Required work> From the line containing "Abus Hyban 2.0 City Helmet - Velvet Black" to the line containing "ネイル ハンドネイル ソルネイル所属・ソルネイル ナナのネイルデザイン" in the records below, set down every line exactly as it stands, both ends included, and skip the pictures.
(Beginning of Dataset records)
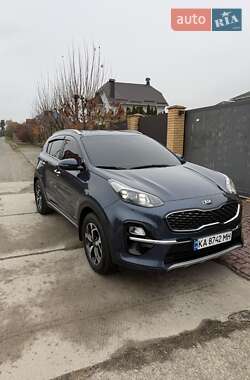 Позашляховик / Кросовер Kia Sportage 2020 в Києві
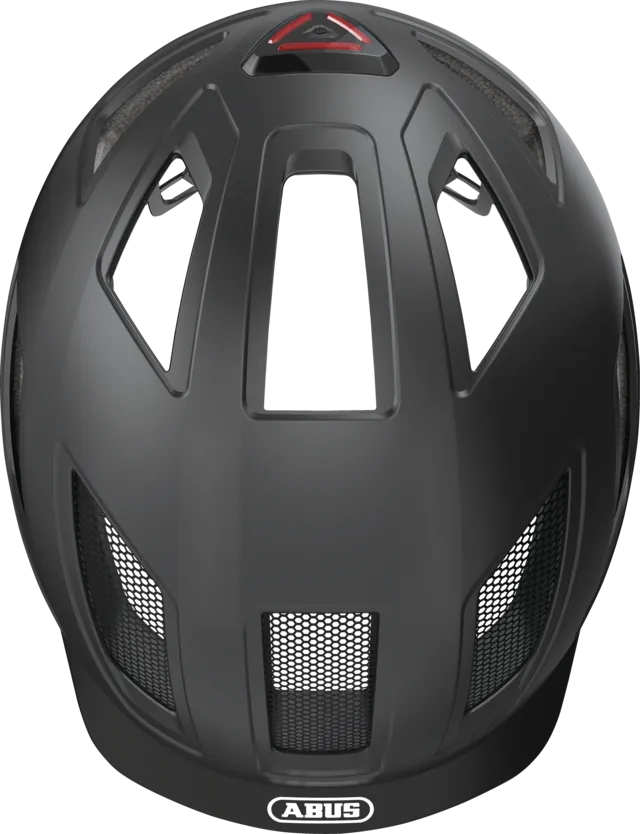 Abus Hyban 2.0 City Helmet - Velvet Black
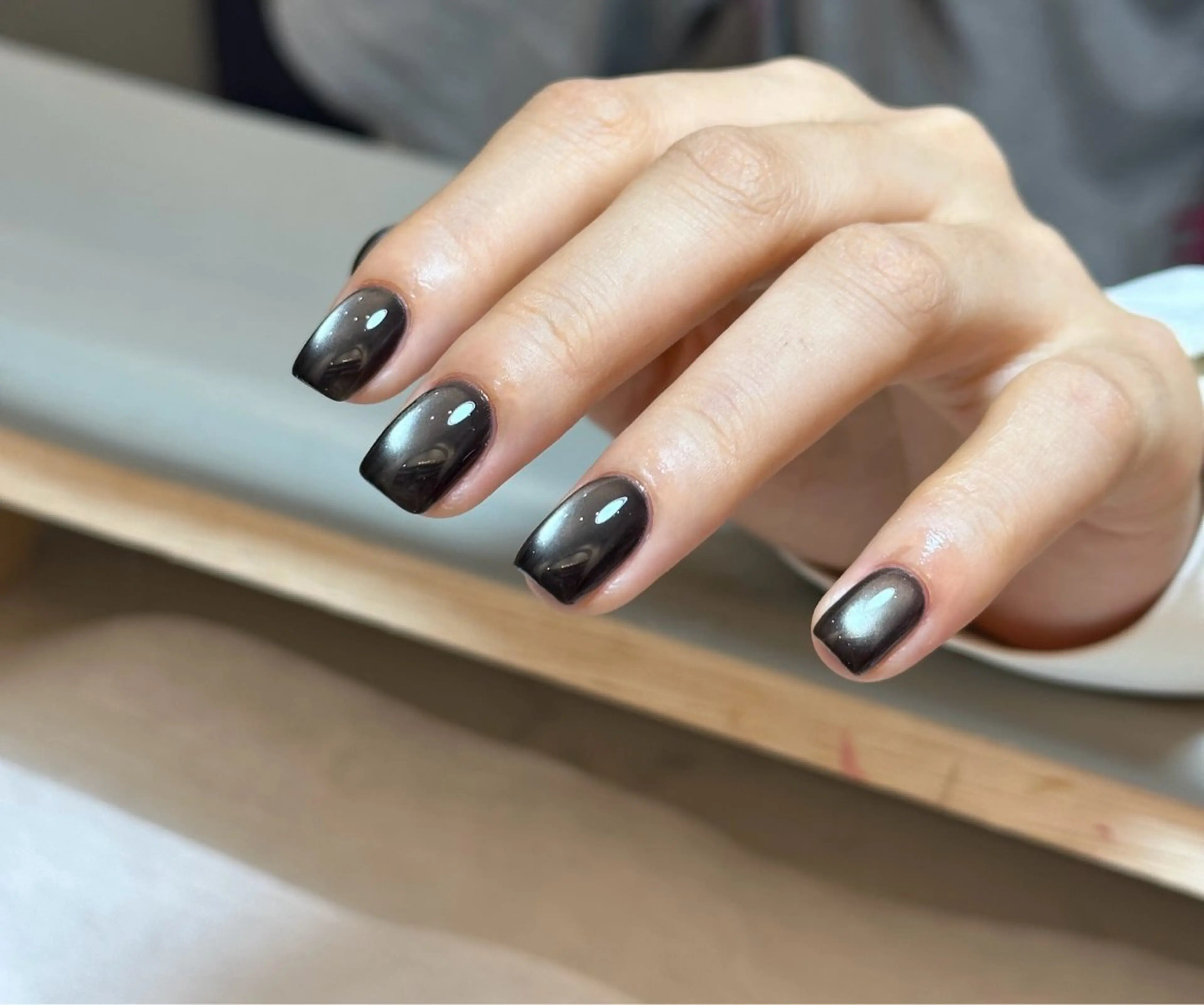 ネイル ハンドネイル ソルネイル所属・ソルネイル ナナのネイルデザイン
(End of Dataset records)
(Beginning of Dataset records)
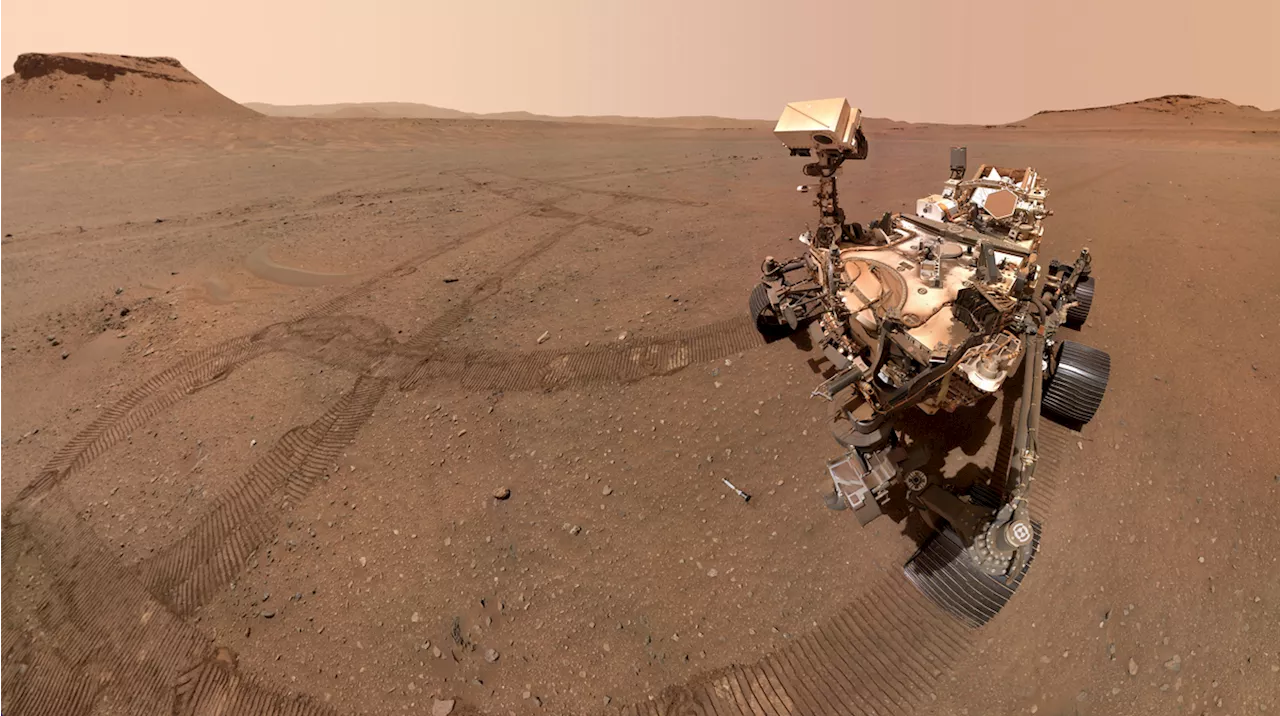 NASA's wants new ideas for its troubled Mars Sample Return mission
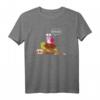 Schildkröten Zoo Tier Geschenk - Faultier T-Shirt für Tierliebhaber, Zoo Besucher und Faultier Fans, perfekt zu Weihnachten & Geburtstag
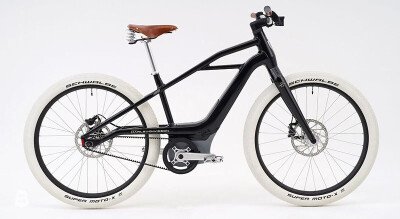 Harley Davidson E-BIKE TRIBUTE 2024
(End of Dataset records)
Result of the exercise>
 Abus Hyban 2.0 City Helmet - Velvet Black
 ネイル ハンドネイル ソルネイル所属・ソルネイル ナナのネイルデザイン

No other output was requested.